● **WHAT IS REQUIRED**
Every record that follows should be copied exactly. No picture belongs in the copy.

**** EXTRACTED ENTRIES ****

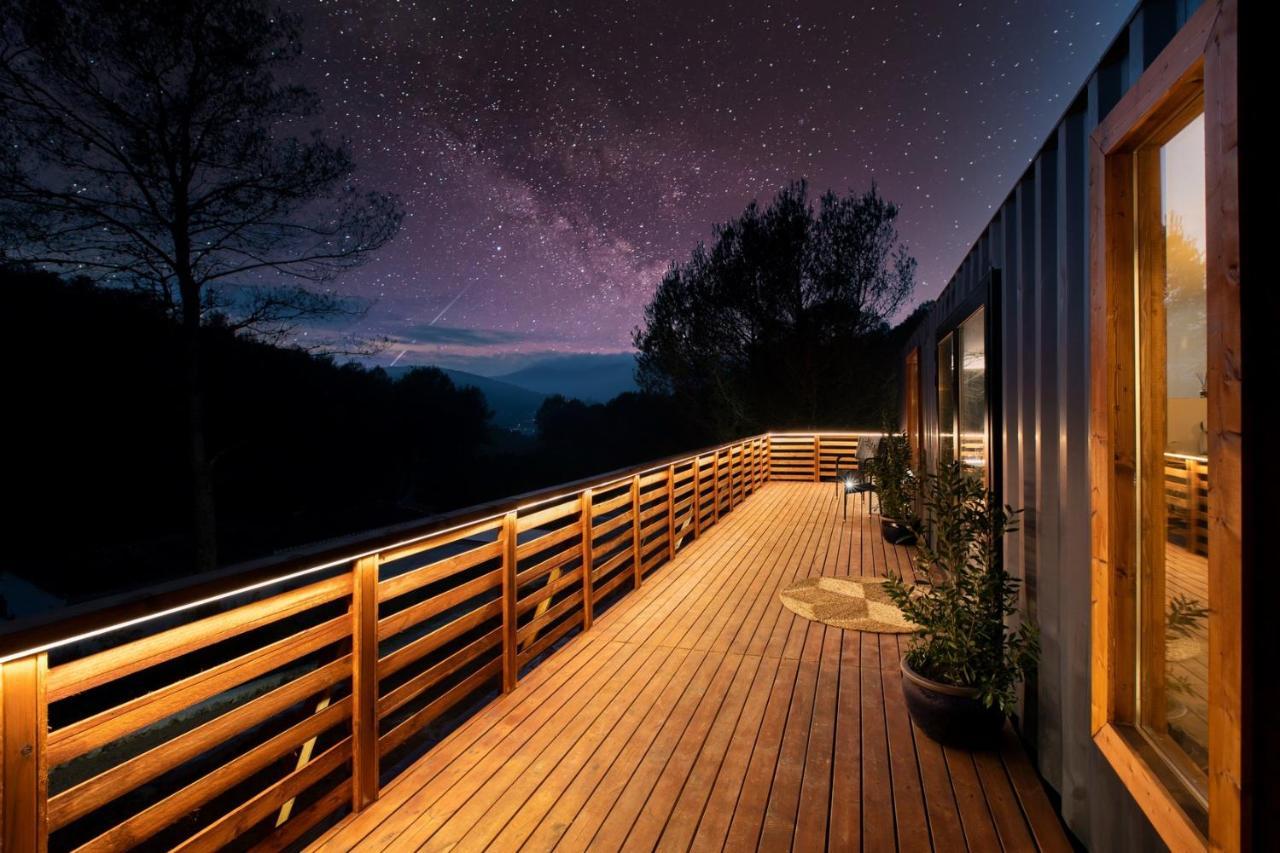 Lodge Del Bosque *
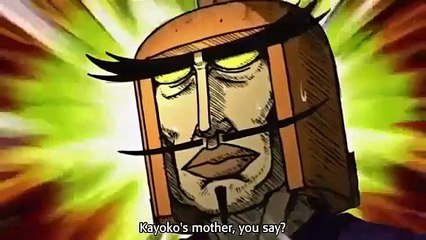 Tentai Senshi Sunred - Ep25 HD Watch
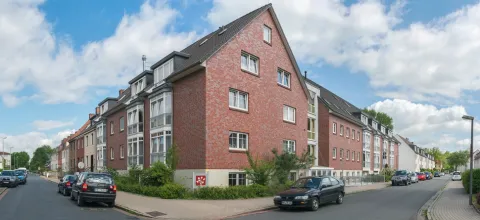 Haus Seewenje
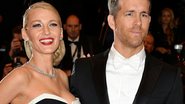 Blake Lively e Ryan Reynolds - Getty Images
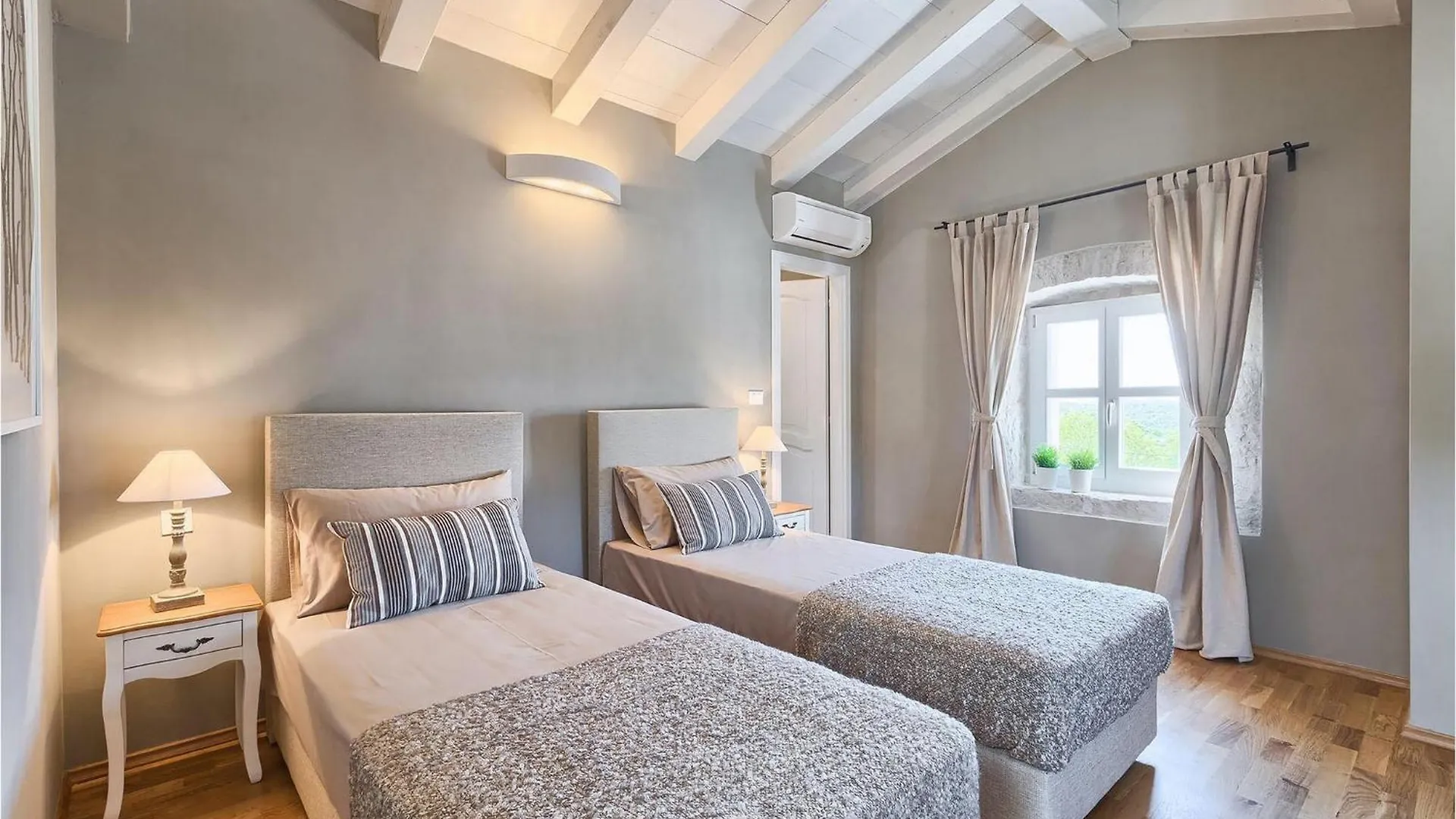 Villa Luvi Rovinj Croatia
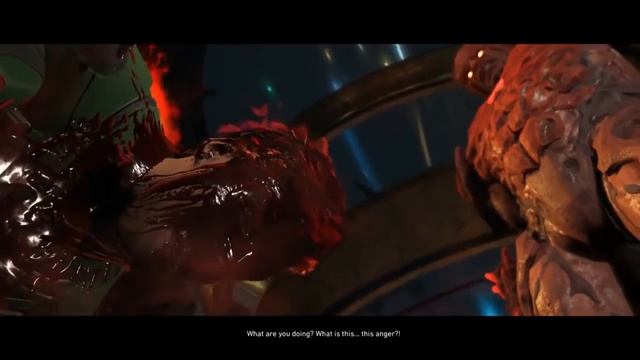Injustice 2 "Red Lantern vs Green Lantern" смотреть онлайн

****

● **ANSWER SECTION**
 Lodge Del Bosque *
 Tentai Senshi Sunred - Ep25 HD Watch
 Haus Seewenje
 Blake Lively e Ryan Reynolds - Getty Images
 Villa Luvi Rovinj Croatia
Injustice 2 "Red Lantern vs Green Lantern" смотреть онлайн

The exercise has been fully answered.